Had a serious slowdown today with any otherwise fairly well performing ASP.NET site. For a period of a couple of hours all page requests were taking a very long time to be served - e.g. 30-60s compared to usual 2s. The w3wp.exe's CPU and memory usage on the webserver was not much higher than normal. The application pool was not in the middle of recycling (and it hadn't recycled for several hours). Bottlenecks in the database were ruled out - no blocks occurring and query results were being returned quickly. I couldn't make any sense of it and set up the following Perfmon counters:
Current Anonymous Users (for site in question)
Get requests/sec (ditto)
Requests/sec for the ASP.NET application running the site
Get requests/sec was averaging 100-150. Requests/sec for ASP.NET was averaging 5-10. However Current Anonymous Users was around 200. And then as I was watching, the Current Anonymous Users began to climb steeply going up to about 500 within a few minutes. All this time Get requests/sec & Requests/sec for ASP.NET was if anything going down.

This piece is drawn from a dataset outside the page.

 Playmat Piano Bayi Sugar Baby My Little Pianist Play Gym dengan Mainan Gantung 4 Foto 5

I did a whole load of things (in a panic!) to try to get the site working, like shutting it down, recycling the app pool, and adding another worker process to the pool. I also extended the expiration time for content (in IIS under HTTP Headers) in an attempt to lower the number of requests for static files (there are a lot of images on the site).

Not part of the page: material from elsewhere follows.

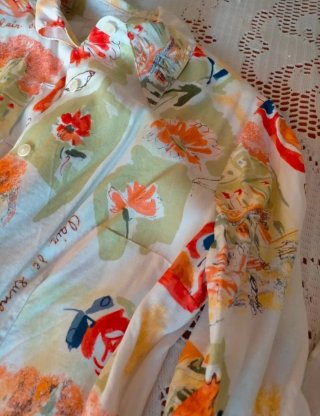 Camisa multicolor hecha a mano talla S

The site is now back to normal, and the counters are fairly steady and reading (added Current Connections counter):
Current Anonymous Users : average 30
Get requests/sec : average 100
Requests/sec for ASP.NET : 5
Current Connections : average 300
I have also observed an inverse relationship between Get requests/sec & Current Anonymous Users. Usually both are fairly steady but there will be short periods when Get requests/sec will go down dramatically and Current Anonymous Users will go up in a perfect mirror image. Then they will flip back to their usual levels.
So, my questions are:
Thinking of the original performance issue - if w3wp.exe CPU, memory usage were normal and there was no DB bottleneck, what could explain page requests taking 20 times longer to be served than usual? What other counters should I be looking at if this happens again?
What explains the inverse relationship between Get requests/sec & Current Anonymous Users?
What could explain Current Anonymous Users going from 200 to 500 within a few minutes?
Many thanks for any insight into this.